Il sangue umano è un prodotto naturale non riproducibile artificialmente, indispensabile alla vita. È un tessuto costituito da una parte liquida, il plasma e da una parte corpuscolata, rappresentata da globuli rossi, globuli bianchi e piastrine. Nonostante i progressi tecnologici e scientifici, il sangue rappresenta ancora oggi una risorsa insostituibile nella terapia di molte malattie sia di pertinenza chirurgica sia di pertinenza medica. Ad esempio, costituisce un supporto indispensabile nei pazienti oncologici in chemioterapia o in quelli che hanno subito un trapianto di midollo osseo, in tutte le operazioni di trapianto d’organo, negli interventi di chirurgia ad alta specializzazione (cardiochirurgia, neurochirurgia ecc.)
Donare sangue volontariamente e con consapevolezza permette di concretizzare la propria disponibilità verso gli altri, ma anche verso se stessi, poiché così facendo si alimenta un patrimonio collettivo di cui ciascuno può usufruire al momento del bisogno. In Italia attualmente non è stato ancora raggiunto l’obiettivo dell’autosufficienza nazionale: esistono profondi squilibri tra le diverse regioni del nostro Paese, per cui il divario fra la raccolta e il reale bisogno non trova compensazione creando uno stato di emergenza e di carenza continuo. Per sanare questo divario, l’unica strada percorribile è quella di sensibilizzare fortemente i cittadini nei confronti della donazione volontaria e periodica del sangue e dei suoi emocomponenti.

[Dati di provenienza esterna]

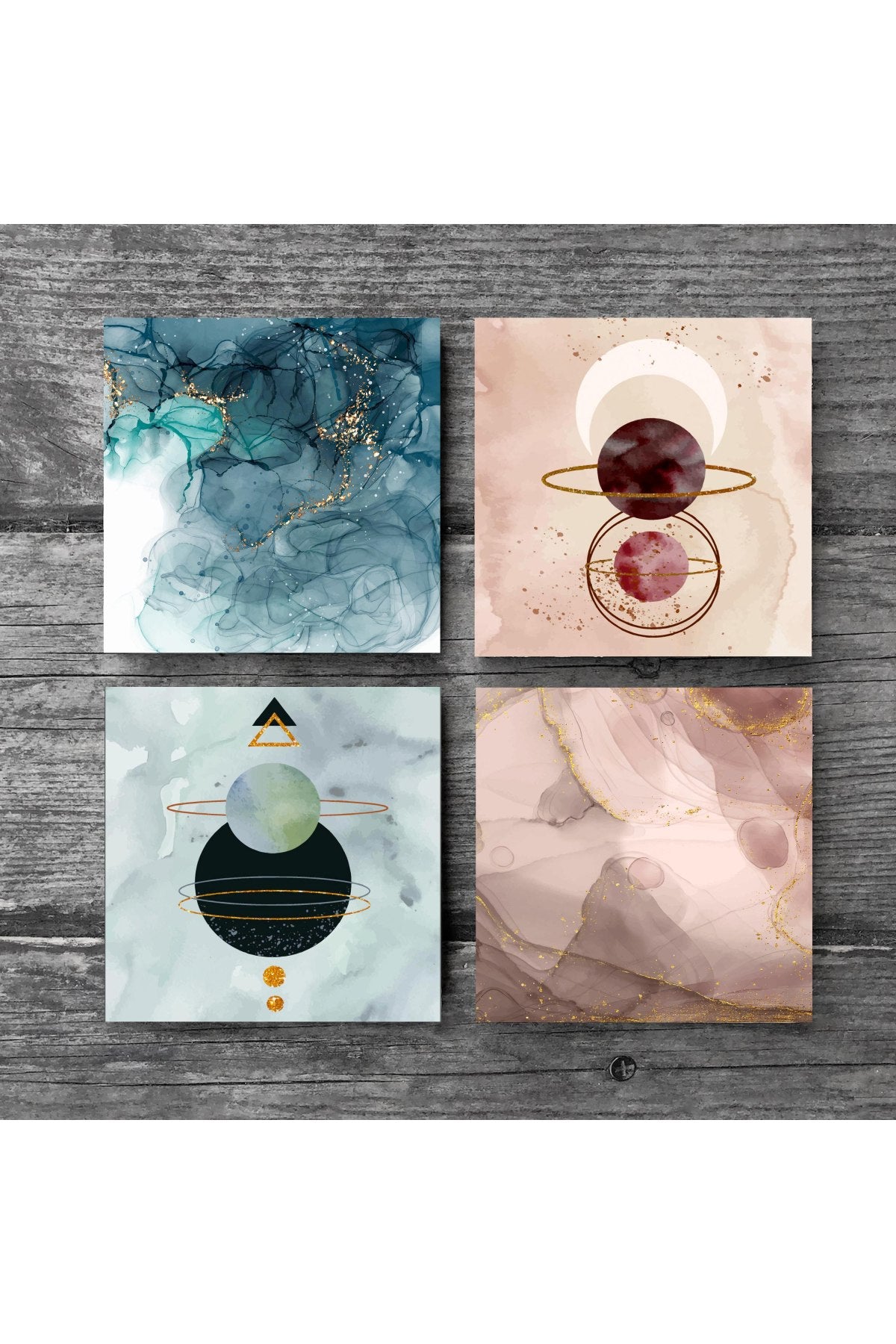 Pinecone Minimalist, Soyut Sanat Taş Bardak Altlığı Seti - 4 Parça - Dekoratif, Rustik Mutfak Aksesuarı, 10x10 cm, Kaydırmaz Tabanlı, Şık ve Dayanıklı SC447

La donazione non comporta rischi di alcun genere per la salute, in quanto il sangue è una fonte di energia rinnovabile ed è quindi possibile privarsene in parte senza che l’organismo ne risenta. Il donatore ha anche la possibilità di fare prevenzione controllando periodicamente il proprio stato di salute. Donare il sangue, anonimamente, gratuitamente, volontariamente, periodicamente e responsabilmente, rappresenta oggi la maggior garanzia in termini di sicurezza trasfusionale.

Chi può donare?

Chiunque abbia un’età maggiore ai 18 anni, un peso corporeo non inferiore ai 50 Kg e sia in buono stato di salute, può presentarsi presso una qualsiasi sede AVIS e chiedere di iscriversi all’Associazione per poter donare il proprio sangue. Una volta iscritto il possibile donatore verrà sottoposto a un colloquio preliminare (anamnesi) e a una visita medica completa per verificare se vi siano controindicazioni alla donazione. Successive analisi di laboratorio confermeranno l’effettiva idoneità all’attività donazionale. Tutte queste indagini sono volte a tutelare tanto la salute del donatore quanto quella del ricevente.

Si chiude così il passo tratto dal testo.